Appendix 3.  Comparison with RFC 1163

   All of the changes listed in Appendix 2, plus the following.

   To detect and recover from BGP connection collision, a new field (BGP
   Identifier) has been added to the OPEN message. New text (Section
   6.8) has been added to specify the procedure for detecting and
   recovering from collision.

   The new document no longer restricts the border router that is passed
   in the NEXT_HOP path attribute to be part of the same Autonomous
   System as the BGP Speaker.

   New document optimizes and simplifies the exchange of the information
   about previously reachable routes.

Appendix 4.  Comparison with RFC 1105

   All of the changes listed in Appendices 2 and 3, plus the following.

   Minor changes to the RFC1105 Finite State Machine were necessary to
   accommodate the TCP user interface provided by 4.3 BSD.

   The notion of Up/Down/Horizontal relations present in RFC1105 has
   been removed from the protocol.

   The changes in the message format from RFC1105 are as follows:

      1.  The Hold Time field has been removed from the BGP header and
      added to the OPEN message.

      2.  The version field has been removed from the BGP header and
      added to the OPEN message.

      3.  The Link Type field has been removed from the OPEN message.

      4.  The OPEN CONFIRM message has been eliminated and replaced with
      implicit confirmation provided by the KEEPALIVE message.
ToP   noToC   RFC1771 - Page 53
      5.  The format of the UPDATE message has been changed
      significantly.  New fields were added to the UPDATE message to
      support multiple path attributes.

      6.  The Marker field has been expanded and its role broadened to
      support authentication.

      Note that quite often BGP, as specified in RFC 1105, is referred
      to as BGP-1, BGP, as specified in RFC 1163, is referred to as
      BGP-2, BGP, as specified in RFC1267 is referred to as BGP-3, and
      BGP, as specified in this document is referred to as BGP-4.

Appendix 5.  TCP options that may be used with BGP

   If a local system TCP user interface supports TCP PUSH function, then
   each BGP message should be transmitted with PUSH flag set.  Setting
   PUSH flag forces BGP messages to be transmitted promptly to the
   receiver.

   If a local system TCP user interface supports setting precedence for
   TCP connection, then the BGP transport connection should be opened
   with precedence set to Internetwork Control (110) value (see also
   [6]).

Appendix 6.  Implementation Recommendations

   This section presents some implementation recommendations.

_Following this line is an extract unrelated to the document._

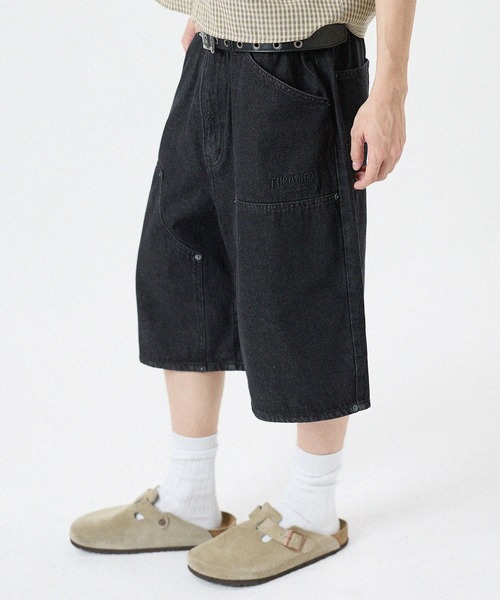 THRASHER/ピグメントウォッシュ ダブルニーデニムショーツ（デニム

6.1 Multiple Networks Per Message

   The BGP protocol allows for multiple address prefixes with the same
   AS path and next-hop gateway to be specified in one message. Making
   use of this capability is highly recommended. With one address prefix
   per message there is a substantial increase in overhead in the
   receiver. Not only does the system overhead increase due to the
   reception of multiple messages, but the overhead of scanning the
   routing table for updates to BGP peers and other routing protocols
   (and sending the associated messages) is incurred multiple times as
   well. One method of building messages containing many address
   prefixes per AS path and gateway from a routing table that is not
   organized per AS path is to build many messages as the routing table
   is scanned. As each address prefix is processed, a message for the
   associated AS path and gateway is allocated, if it does not exist,
   and the new address prefix is added to it.  If such a message exists,
   the new address prefix is just appended to it. If the message lacks
   the space to hold the new address prefix, it is transmitted, a new
   message is allocated, and the new address prefix is inserted into the
   new message. When the entire routing table has been scanned, all
ToP   noToC   RFC1771 - Page 54
   allocated messages are sent and their resources released.  Maximum
   compression is achieved when all  the destinations covered by the
   address prefixes share a gateway and common path attributes, making
   it possible to send many address prefixes in one 4096-byte message.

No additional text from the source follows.